Output every line below exactly.

MATERIAL SHOWN:
○ ○ ○ ○
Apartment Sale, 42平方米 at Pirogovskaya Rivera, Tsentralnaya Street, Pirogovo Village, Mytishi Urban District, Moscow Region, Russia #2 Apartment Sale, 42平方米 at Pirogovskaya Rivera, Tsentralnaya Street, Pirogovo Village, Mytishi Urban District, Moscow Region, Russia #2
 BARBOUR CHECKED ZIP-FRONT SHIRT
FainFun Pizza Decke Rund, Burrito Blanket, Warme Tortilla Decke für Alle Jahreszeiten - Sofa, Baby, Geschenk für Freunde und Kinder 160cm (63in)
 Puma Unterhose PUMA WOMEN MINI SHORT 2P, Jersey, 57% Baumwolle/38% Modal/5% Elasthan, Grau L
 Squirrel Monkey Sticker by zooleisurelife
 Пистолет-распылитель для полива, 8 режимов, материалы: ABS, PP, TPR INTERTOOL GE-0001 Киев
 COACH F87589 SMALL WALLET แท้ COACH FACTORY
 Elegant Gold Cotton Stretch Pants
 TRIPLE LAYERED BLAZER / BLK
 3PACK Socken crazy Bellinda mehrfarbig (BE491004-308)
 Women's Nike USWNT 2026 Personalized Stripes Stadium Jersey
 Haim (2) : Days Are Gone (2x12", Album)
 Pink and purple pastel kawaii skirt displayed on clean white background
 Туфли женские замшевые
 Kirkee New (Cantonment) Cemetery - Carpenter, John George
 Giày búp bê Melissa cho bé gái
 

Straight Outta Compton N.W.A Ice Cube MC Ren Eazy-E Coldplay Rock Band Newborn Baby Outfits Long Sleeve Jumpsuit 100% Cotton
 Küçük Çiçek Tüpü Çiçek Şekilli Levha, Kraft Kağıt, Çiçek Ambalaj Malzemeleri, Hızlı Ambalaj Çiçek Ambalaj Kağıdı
○ ○ ○ ○
TASK RESULT:
Apartment Sale, 42平方米 at Pirogovskaya Rivera, Tsentralnaya Street, Pirogovo Village, Mytishi Urban District, Moscow Region, Russia #2 Apartment Sale, 42平方米 at Pirogovskaya Rivera, Tsentralnaya Street, Pirogovo Village, Mytishi Urban District, Moscow Region, Russia #2
 BARBOUR CHECKED ZIP-FRONT SHIRT
FainFun Pizza Decke Rund, Burrito Blanket, Warme Tortilla Decke für Alle Jahreszeiten - Sofa, Baby, Geschenk für Freunde und Kinder 160cm (63in)
 Puma Unterhose PUMA WOMEN MINI SHORT 2P, Jersey, 57% Baumwolle/38% Modal/5% Elasthan, Grau L
 Squirrel Monkey Sticker by zooleisurelife
 Пистолет-распылитель для полива, 8 режимов, материалы: ABS, PP, TPR INTERTOOL GE-0001 Киев
 COACH F87589 SMALL WALLET แท้ COACH FACTORY
 Elegant Gold Cotton Stretch Pants
 TRIPLE LAYERED BLAZER / BLK
 3PACK Socken crazy Bellinda mehrfarbig (BE491004-308)
 Women's Nike USWNT 2026 Personalized Stripes Stadium Jersey
 Haim (2) : Days Are Gone (2x12", Album)
 Pink and purple pastel kawaii skirt displayed on clean white background
 Туфли женские замшевые
 Kirkee New (Cantonment) Cemetery - Carpenter, John George
 Giày búp bê Melissa cho bé gái
 

Straight Outta Compton N.W.A Ice Cube MC Ren Eazy-E Coldplay Rock Band Newborn Baby Outfits Long Sleeve Jumpsuit 100% Cotton
 Küçük Çiçek Tüpü Çiçek Şekilli Levha, Kraft Kağıt, Çiçek Ambalaj Malzemeleri, Hızlı Ambalaj Çiçek Ambalaj Kağıdı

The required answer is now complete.